A new idiosyncrasy of e-commerce is the internationalisation of consumer protection, which is not a vital issue in traditional commerce. In the past, consumers rarely needed international protection. Consumers were buying locally and therefore needed local customer protection. With e-commerce, an increasing number of transactions take place across international borders.

Jurisdiction is a significant issue surrounding consumer protection. It involves two main approaches. The first favours the seller (mainly e-business) and is a country-of-origin/prescribed-by-seller approach. In this scenario, e-commerce companies have the advantage of relying on a predictable and well-known legal environment. The other approach, which favours the customer, is a country-of-destination approach.

The main disadvantage for e-commerce companies is the potential for exposure to a wide variety of legal jurisdictions. One possible solution to this dilemma is a more intensive harmonisation of consumer protection rules, making the question of jurisdiction less relevant. As with other e-commerce issues, the OECD assumed the lead by adopting the 1999 Guidelines for Consumer Protection in the Context of E-commerce and the 2003 Guidelines for Protecting Consumers from Fraudulent and Deceptive Commercial Practices Across Borders. The main principles established by the OECD are still valid and have been adopted by other business associations, including the International Chamber of Commerce and the Council of Better Business Bureaus.

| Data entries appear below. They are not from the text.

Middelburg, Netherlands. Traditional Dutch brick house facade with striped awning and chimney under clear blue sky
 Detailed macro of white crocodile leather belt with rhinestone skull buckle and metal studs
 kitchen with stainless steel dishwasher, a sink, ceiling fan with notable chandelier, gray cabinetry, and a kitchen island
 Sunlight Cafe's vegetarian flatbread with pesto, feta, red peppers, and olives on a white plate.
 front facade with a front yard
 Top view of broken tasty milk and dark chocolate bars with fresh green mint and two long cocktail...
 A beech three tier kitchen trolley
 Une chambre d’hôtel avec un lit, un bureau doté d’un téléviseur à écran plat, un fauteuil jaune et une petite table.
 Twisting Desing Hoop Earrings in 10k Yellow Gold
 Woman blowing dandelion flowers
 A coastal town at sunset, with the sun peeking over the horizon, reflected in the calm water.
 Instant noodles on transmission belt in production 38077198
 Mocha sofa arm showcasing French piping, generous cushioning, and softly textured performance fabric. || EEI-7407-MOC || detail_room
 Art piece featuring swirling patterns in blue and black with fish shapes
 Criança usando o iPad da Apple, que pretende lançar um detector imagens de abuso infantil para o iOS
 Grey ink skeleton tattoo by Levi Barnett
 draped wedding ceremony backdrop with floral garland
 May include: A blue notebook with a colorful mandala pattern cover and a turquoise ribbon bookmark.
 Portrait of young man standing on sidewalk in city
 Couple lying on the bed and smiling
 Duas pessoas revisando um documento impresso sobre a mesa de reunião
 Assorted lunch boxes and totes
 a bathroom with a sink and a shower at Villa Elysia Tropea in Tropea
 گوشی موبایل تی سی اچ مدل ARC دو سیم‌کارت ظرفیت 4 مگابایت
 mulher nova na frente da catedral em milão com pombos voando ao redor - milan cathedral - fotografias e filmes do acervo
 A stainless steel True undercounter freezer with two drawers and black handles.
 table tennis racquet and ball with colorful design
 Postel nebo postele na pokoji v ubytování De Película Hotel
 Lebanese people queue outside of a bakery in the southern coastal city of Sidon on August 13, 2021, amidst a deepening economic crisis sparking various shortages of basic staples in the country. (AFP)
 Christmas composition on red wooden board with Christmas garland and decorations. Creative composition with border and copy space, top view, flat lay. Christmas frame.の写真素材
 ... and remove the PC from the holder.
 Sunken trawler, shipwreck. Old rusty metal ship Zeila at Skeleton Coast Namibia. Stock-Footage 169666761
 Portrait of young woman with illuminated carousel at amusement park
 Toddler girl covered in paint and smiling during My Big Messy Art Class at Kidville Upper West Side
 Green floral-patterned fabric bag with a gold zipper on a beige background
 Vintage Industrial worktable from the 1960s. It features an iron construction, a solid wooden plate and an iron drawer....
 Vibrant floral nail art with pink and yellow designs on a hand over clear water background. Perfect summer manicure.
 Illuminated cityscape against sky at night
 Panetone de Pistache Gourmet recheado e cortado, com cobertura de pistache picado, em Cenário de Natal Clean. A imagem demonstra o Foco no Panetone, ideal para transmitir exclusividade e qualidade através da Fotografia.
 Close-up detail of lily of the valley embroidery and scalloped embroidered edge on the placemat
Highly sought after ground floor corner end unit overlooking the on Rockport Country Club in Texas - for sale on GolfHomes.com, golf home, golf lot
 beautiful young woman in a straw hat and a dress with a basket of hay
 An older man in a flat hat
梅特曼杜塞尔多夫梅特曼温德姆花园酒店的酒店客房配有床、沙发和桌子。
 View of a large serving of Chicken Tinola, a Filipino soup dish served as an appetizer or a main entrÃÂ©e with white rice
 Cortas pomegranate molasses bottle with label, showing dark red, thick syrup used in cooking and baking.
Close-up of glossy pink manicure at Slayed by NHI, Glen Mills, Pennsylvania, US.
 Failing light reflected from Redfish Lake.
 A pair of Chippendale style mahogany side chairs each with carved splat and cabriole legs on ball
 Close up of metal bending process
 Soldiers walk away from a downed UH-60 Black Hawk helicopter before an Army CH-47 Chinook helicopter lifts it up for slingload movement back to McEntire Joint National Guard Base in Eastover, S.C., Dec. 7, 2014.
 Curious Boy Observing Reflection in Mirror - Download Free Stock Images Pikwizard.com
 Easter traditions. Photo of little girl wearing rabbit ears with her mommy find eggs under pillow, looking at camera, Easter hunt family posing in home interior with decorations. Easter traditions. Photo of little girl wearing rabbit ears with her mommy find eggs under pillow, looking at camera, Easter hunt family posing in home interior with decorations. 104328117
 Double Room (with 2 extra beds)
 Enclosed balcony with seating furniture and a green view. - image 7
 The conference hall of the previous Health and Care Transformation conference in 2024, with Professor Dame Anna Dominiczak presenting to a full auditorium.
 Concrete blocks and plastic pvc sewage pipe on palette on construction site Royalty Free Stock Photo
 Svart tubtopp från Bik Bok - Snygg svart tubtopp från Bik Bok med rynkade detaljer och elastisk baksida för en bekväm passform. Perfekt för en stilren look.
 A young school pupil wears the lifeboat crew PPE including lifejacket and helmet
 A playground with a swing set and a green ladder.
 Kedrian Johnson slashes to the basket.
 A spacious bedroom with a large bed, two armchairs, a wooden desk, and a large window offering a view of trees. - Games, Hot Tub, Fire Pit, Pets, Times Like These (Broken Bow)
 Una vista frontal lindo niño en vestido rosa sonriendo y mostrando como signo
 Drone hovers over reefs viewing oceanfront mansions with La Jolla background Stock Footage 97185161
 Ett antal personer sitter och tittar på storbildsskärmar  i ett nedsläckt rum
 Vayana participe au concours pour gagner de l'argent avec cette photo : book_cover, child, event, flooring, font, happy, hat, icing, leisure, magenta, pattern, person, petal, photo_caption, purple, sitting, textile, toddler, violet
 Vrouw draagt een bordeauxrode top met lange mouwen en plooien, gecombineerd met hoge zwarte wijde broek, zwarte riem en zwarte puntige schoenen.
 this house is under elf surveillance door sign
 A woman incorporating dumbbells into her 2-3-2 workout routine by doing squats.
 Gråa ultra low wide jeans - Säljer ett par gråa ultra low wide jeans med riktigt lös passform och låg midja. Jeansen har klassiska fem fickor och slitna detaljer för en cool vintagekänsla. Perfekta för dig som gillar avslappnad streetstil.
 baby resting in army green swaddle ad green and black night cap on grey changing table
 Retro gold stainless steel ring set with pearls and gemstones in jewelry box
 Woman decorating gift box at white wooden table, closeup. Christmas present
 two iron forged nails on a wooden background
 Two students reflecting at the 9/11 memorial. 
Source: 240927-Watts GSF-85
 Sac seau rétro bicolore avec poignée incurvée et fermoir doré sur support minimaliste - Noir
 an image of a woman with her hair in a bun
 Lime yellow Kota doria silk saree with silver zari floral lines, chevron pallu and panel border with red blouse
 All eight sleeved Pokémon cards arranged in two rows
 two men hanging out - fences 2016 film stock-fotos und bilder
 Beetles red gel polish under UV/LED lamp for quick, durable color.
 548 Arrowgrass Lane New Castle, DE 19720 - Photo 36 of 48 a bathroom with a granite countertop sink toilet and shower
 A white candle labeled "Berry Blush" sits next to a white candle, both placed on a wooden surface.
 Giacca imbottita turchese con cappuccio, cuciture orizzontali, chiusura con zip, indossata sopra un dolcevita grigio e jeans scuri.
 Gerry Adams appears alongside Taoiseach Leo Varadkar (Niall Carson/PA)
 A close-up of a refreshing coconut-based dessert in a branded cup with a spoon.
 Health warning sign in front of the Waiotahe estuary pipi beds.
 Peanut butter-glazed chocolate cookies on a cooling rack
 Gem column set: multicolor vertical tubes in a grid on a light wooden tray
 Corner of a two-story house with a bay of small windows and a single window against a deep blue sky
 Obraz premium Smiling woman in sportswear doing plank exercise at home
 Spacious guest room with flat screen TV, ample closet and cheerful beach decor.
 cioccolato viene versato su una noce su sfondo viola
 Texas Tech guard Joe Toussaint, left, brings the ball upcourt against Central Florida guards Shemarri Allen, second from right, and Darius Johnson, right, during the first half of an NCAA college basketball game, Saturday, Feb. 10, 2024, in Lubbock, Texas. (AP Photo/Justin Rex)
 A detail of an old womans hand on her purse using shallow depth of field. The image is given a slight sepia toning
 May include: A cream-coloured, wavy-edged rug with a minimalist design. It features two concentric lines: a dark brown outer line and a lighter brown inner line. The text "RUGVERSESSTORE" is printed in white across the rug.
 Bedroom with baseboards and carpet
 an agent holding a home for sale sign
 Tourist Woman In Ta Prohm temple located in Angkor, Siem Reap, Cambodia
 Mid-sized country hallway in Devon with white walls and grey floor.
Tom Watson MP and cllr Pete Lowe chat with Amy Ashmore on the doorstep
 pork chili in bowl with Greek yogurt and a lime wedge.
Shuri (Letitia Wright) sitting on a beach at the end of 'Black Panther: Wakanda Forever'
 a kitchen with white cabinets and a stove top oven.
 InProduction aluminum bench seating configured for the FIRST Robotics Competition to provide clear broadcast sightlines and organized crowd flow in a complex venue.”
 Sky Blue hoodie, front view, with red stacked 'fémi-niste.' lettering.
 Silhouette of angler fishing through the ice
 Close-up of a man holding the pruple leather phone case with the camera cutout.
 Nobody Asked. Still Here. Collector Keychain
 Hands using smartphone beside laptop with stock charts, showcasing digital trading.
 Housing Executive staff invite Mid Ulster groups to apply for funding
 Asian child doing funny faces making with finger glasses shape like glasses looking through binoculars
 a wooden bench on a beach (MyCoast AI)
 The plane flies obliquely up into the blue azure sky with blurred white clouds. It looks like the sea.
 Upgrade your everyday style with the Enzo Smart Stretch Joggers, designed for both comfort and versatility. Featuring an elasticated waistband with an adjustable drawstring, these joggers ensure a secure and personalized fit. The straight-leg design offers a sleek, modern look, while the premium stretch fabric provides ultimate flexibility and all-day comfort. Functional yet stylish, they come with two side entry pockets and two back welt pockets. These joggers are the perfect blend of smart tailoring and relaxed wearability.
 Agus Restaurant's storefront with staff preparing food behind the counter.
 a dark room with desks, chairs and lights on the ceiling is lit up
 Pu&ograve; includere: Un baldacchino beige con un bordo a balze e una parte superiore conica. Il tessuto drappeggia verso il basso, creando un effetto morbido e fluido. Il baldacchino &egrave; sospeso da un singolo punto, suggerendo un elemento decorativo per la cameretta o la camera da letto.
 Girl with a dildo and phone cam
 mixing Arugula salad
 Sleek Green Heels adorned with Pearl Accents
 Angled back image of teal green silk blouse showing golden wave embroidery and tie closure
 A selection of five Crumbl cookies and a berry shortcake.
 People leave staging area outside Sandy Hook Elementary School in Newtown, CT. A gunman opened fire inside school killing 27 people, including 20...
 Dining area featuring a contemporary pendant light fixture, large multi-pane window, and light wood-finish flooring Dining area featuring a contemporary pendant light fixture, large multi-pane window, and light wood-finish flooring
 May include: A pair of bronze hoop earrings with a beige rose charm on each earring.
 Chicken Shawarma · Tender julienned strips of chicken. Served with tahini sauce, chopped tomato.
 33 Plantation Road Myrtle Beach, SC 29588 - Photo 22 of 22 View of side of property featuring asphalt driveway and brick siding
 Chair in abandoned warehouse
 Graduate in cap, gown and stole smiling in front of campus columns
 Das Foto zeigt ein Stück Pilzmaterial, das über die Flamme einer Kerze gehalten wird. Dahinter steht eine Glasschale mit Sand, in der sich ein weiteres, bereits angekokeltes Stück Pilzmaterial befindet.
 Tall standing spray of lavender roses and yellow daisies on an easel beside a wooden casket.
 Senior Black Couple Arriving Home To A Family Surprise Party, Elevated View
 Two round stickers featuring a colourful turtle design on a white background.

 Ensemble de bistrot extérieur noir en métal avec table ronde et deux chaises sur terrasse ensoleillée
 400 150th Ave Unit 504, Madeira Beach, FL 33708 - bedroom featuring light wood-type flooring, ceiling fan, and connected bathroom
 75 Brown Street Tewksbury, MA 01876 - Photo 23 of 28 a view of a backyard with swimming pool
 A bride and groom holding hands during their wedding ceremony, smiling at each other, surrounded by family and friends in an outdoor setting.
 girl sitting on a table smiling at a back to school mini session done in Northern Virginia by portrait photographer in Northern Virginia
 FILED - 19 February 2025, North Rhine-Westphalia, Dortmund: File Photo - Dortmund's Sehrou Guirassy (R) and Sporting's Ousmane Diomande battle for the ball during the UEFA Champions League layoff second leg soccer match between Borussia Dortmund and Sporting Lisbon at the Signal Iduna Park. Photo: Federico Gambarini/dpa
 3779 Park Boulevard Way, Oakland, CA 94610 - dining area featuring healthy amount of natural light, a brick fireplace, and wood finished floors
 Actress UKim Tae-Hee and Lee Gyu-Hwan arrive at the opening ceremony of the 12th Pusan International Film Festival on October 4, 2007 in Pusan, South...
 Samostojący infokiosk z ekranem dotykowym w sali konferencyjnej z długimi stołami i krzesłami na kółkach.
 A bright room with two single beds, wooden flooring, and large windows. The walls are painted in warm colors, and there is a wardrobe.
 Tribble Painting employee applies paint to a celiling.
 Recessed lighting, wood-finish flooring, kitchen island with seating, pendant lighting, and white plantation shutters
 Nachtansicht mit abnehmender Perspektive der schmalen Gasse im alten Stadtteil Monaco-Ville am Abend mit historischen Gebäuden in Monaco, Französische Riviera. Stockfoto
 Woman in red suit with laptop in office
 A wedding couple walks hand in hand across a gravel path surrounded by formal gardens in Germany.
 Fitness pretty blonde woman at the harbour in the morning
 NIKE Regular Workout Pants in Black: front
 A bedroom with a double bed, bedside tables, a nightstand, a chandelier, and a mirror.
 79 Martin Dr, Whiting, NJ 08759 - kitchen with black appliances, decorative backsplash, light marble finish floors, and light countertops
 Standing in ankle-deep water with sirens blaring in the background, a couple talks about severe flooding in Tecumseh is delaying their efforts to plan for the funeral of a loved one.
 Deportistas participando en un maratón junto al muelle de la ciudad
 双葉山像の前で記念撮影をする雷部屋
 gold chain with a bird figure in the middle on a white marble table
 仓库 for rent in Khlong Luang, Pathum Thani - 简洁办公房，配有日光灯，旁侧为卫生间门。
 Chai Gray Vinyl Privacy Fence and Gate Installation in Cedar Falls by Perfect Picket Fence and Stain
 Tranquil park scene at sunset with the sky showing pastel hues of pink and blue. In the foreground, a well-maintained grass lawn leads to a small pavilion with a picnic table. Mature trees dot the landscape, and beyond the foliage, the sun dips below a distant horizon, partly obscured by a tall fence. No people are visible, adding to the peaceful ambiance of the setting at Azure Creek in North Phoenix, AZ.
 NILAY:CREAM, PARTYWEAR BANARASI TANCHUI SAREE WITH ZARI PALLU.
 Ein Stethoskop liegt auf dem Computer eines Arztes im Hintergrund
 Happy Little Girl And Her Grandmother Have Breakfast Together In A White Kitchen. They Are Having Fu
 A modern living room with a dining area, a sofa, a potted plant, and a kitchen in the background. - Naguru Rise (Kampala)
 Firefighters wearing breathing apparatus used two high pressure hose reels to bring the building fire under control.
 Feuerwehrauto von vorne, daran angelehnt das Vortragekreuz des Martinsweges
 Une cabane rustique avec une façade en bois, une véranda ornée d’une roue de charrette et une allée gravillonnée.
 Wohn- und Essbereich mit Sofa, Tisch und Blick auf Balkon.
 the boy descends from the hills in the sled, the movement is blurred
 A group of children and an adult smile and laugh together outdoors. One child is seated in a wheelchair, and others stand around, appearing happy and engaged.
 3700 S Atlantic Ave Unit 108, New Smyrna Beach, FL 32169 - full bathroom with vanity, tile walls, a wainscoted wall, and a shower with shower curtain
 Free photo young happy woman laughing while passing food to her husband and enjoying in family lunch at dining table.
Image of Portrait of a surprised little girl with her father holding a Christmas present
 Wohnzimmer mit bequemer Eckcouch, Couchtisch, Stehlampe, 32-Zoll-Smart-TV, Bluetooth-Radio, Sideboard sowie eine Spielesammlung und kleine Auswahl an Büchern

The EU offers a high level of e-commerce consumer protection and promotes awareness campaigns on online shopping issues. The problem of jurisdiction has been solved via the Brussels I Regulation, which stipulates that consumers will always have recourse to local legal protection. The recast Brussels I Regulation, applicable as of January 2015, further harmonises the rules of jurisdiction by extending the situations under which individuals not domiciled in the EU can be sued by consumers in the courts of EU member states.

More than half of EU consumers (53%) made at least one purchase online in the 12 months to September 2012, almost doubling since 2006. Yet just 15% purchased online from vendors outside their own country. This is reflected in the confidence rating: while 53% feel comfortable purchasing from online domestic retailers, only 36% feel comfortable buying online from another EU country.

At global level, no apposite international legal instruments have been established. One of the most apt, the 1980 UN Convention on Contracts for the International Sale of Goods, does not cover consumer contracts and consumer protection.

A number of private associations and non-governmental organisations also focus on consumer e-commerce protection, including Consumers International, the International Consumer Protection and Enforcement Network, and Consumer Reports WebWatch.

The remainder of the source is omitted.